§ PROBLEM
In the records below, find the line with "Minnesota Timberwolves #22" and repeat exactly every line from it through the line with "Купити Дутики жіночі". Pictures stay out.

§ DATA
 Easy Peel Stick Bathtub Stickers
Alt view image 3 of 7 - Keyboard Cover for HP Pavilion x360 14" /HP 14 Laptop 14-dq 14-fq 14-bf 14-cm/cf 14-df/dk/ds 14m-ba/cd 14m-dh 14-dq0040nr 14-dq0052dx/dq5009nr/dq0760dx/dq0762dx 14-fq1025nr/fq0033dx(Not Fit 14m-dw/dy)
--
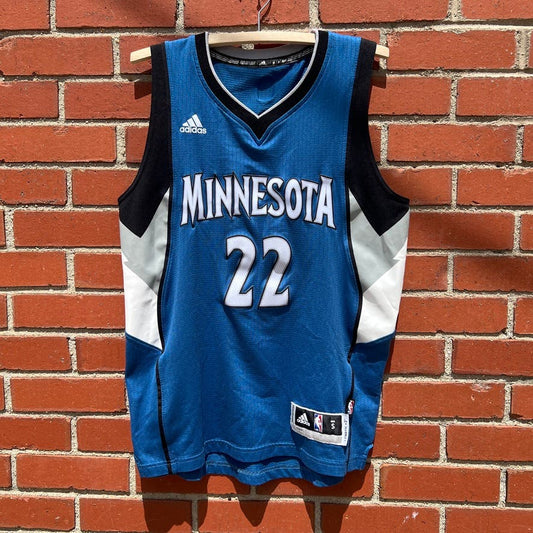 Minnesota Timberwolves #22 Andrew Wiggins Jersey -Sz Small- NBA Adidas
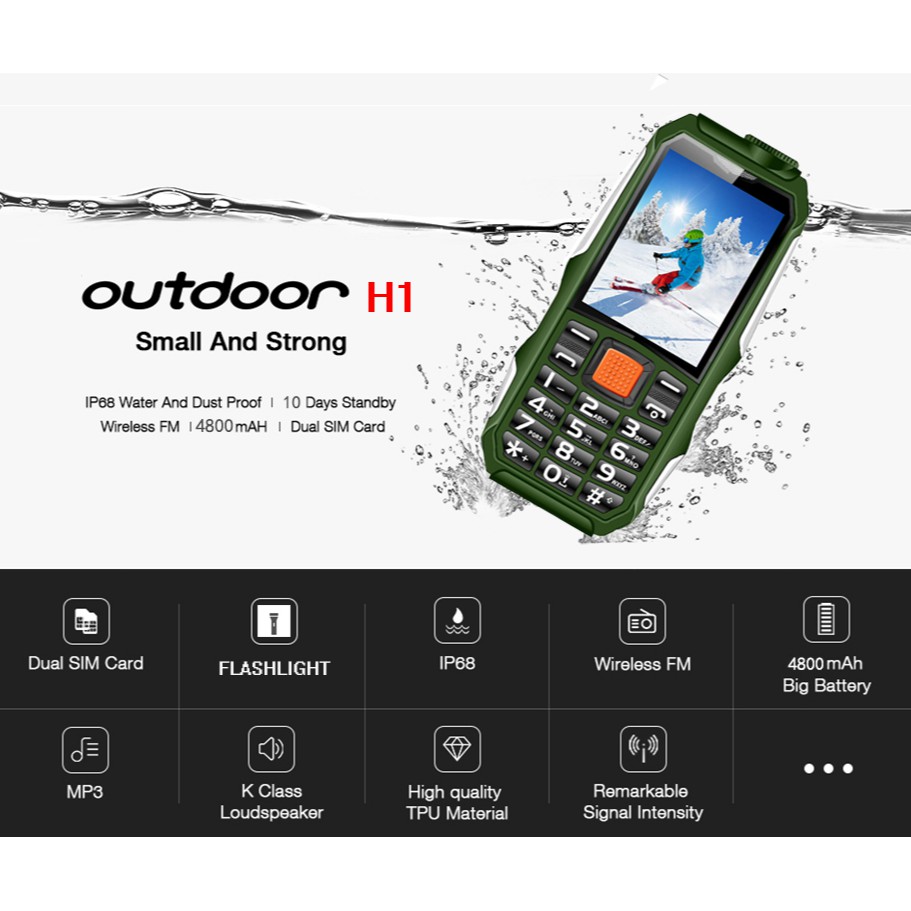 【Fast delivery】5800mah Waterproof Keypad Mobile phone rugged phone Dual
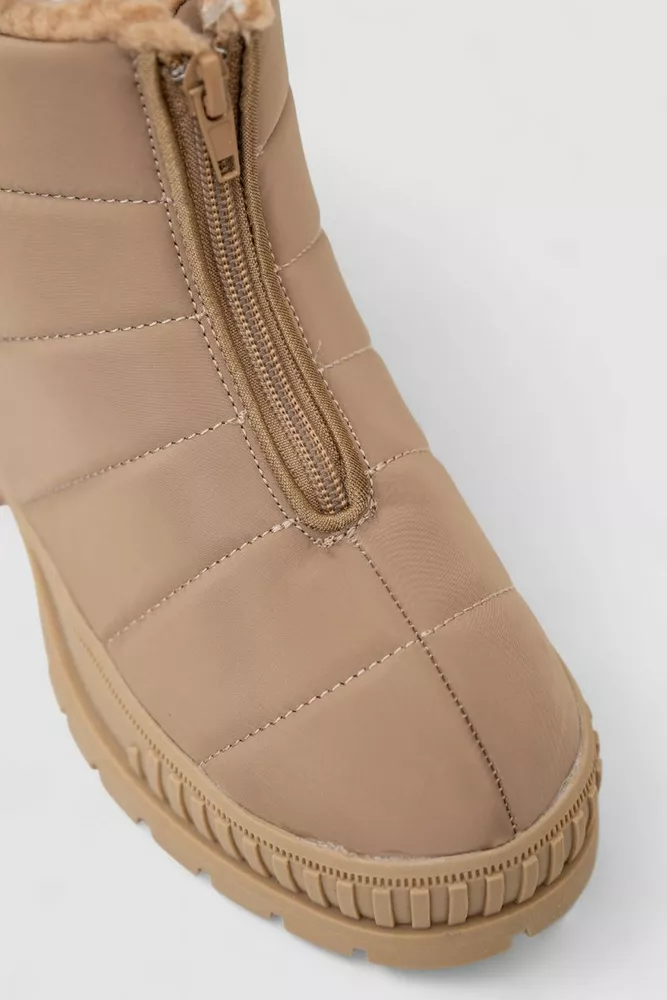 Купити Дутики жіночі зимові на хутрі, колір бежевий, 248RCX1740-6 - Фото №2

§ SOLUTION TO THIS EXERCISE
 Minnesota Timberwolves #22 Andrew Wiggins Jersey -Sz Small- NBA Adidas
 【Fast delivery】5800mah Waterproof Keypad Mobile phone rugged phone Dual
 Купити Дутики жіночі зимові на хутрі, колір бежевий, 248RCX1740-6 - Фото №2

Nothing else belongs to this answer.